EXERCISE DIRECTIONS:
Copy every record word for word. The images stay behind.

DATA FOR REVIEW:
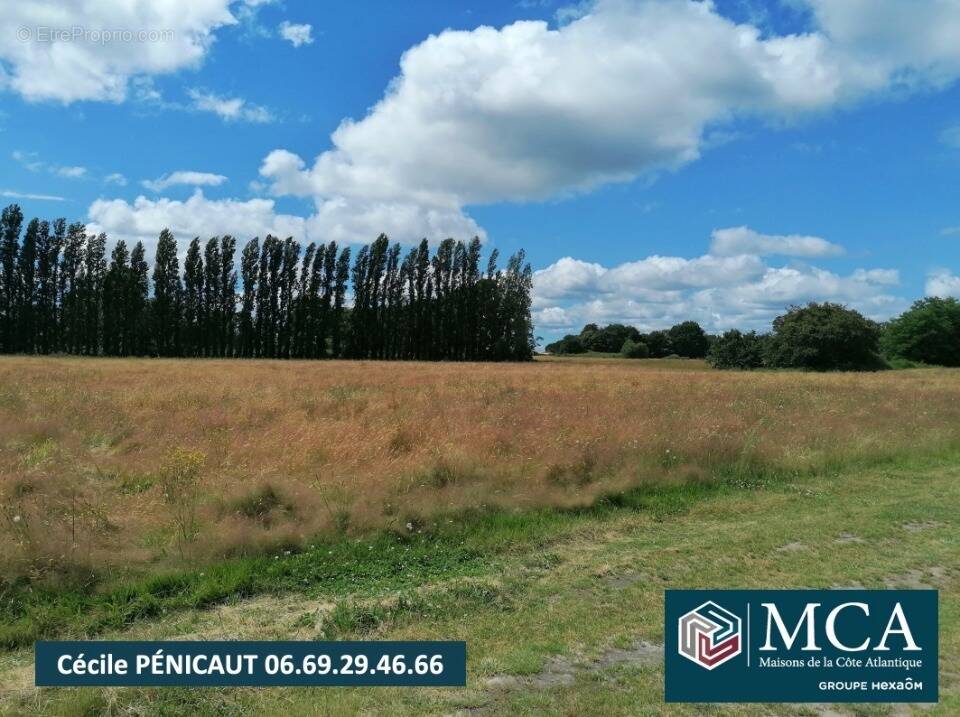 Terrain à HINX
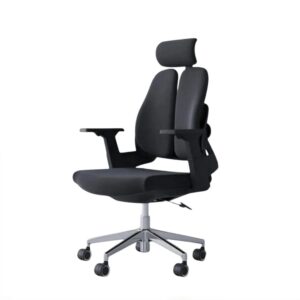 Sitora Ergonomic Mesh Chair with Lumbar Support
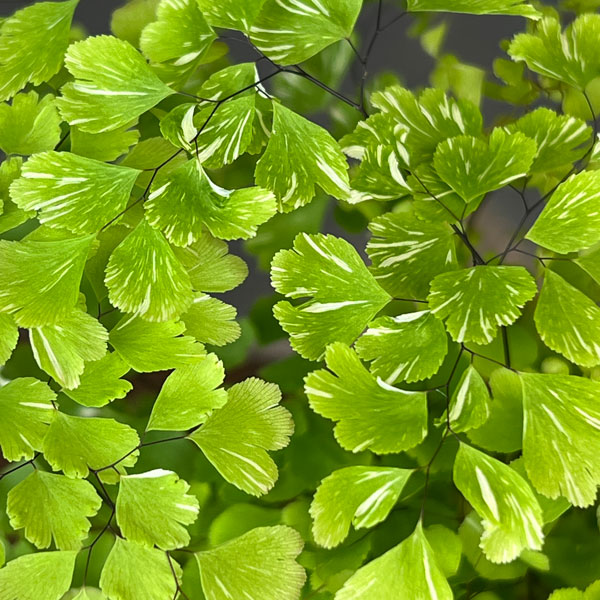 アジアンタム：スノーフレーク　3号鉢植え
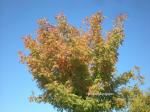 : - Pistacia chinensis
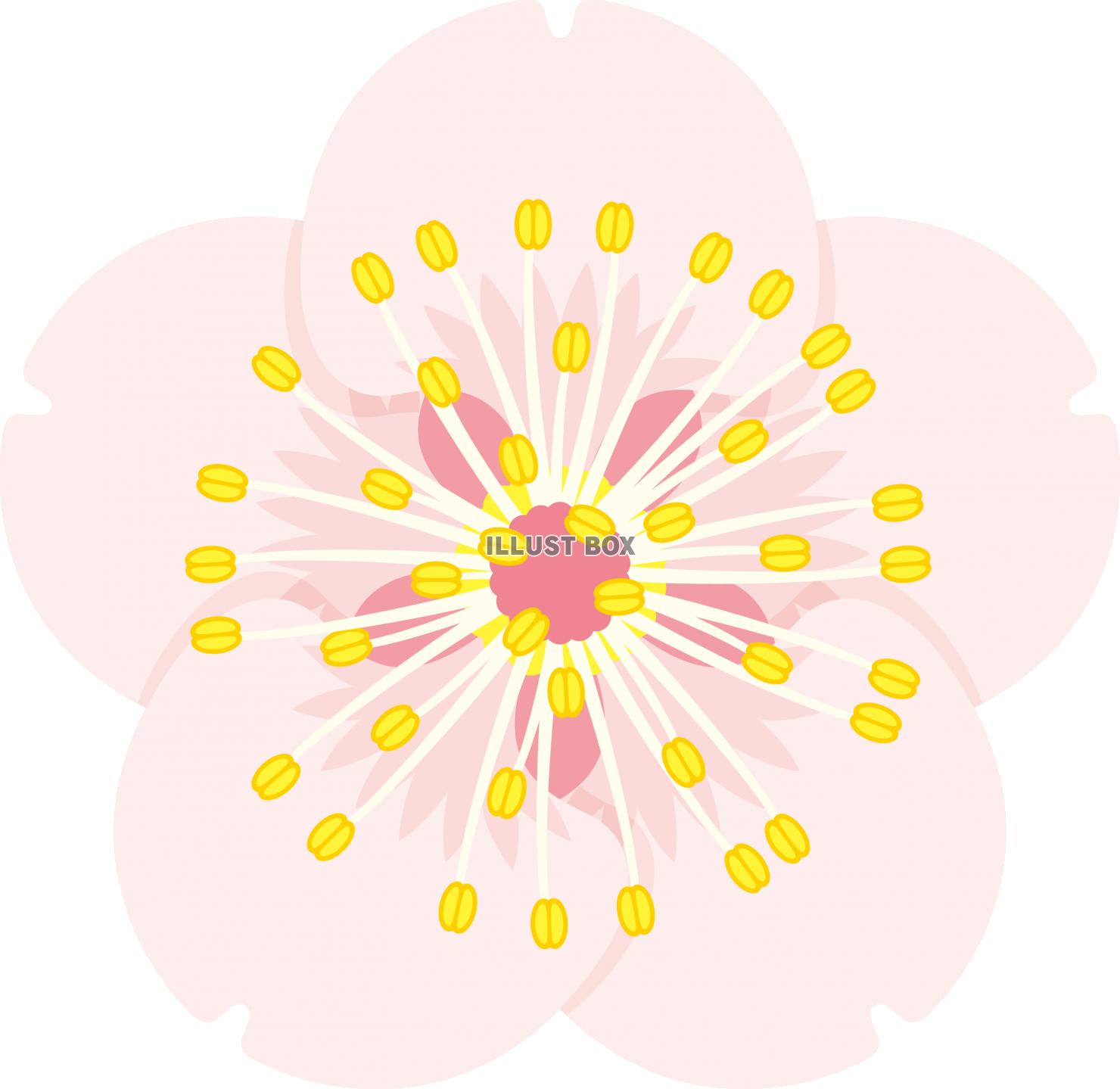 花　フラワー　梅の花　白梅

RESPONSE BOX:
 Terrain à HINX
 Sitora Ergonomic Mesh Chair with Lumbar Support
 アジアンタム：スノーフレーク　3号鉢植え
 : - Pistacia chinensis
 花　フラワー　梅の花　白梅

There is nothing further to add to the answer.